Available data
╔══

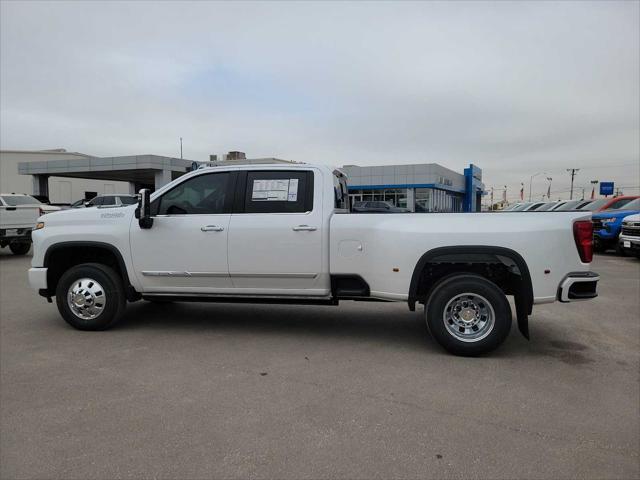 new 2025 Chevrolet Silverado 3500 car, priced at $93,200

╚══
╔══

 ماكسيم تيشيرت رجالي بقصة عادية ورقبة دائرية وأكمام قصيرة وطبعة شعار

╚══
╔══

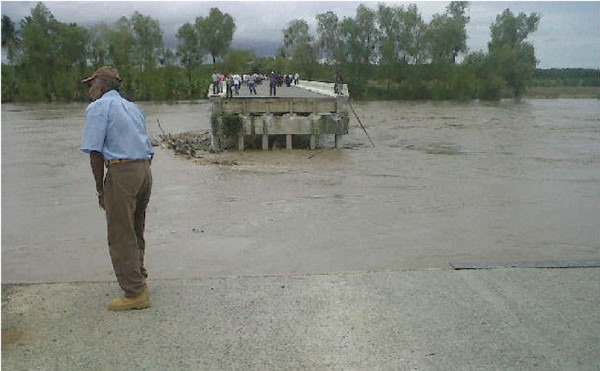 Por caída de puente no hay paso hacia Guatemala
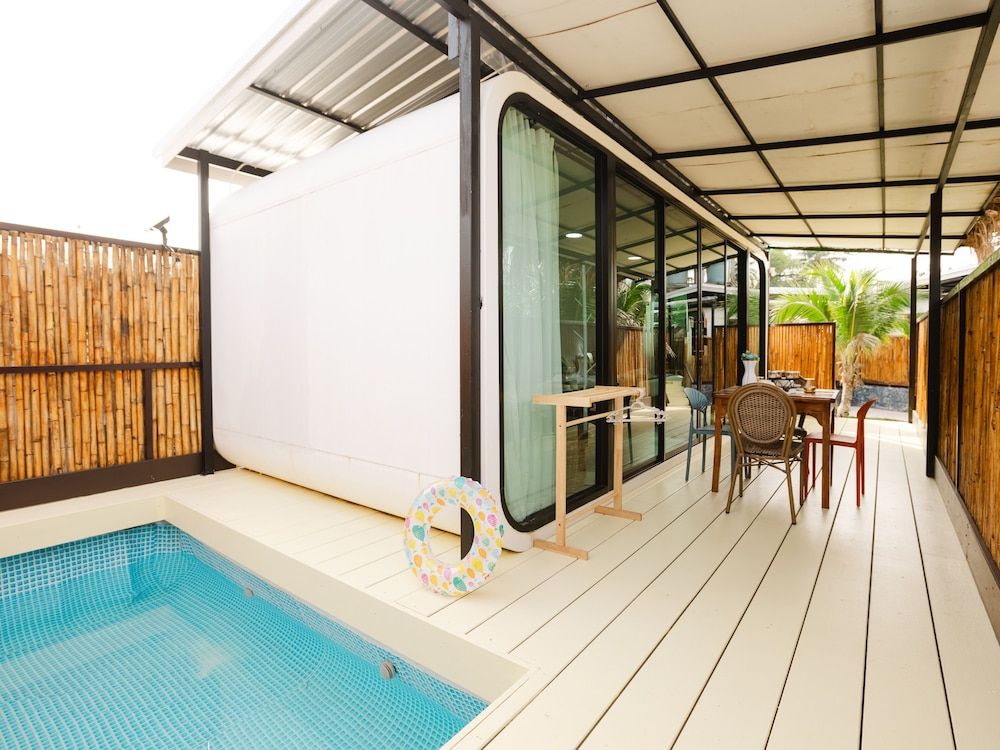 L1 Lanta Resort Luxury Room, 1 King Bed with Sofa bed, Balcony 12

╚══

Exercise prompt
What are the lines above from the one with "Por caída de" to the one with "L1 Lanta Resort", both included? Reproduce them exactly, without pictures.

Task output
 Por caída de puente no hay paso hacia Guatemala
 L1 Lanta Resort Luxury Room, 1 King Bed with Sofa bed, Balcony 12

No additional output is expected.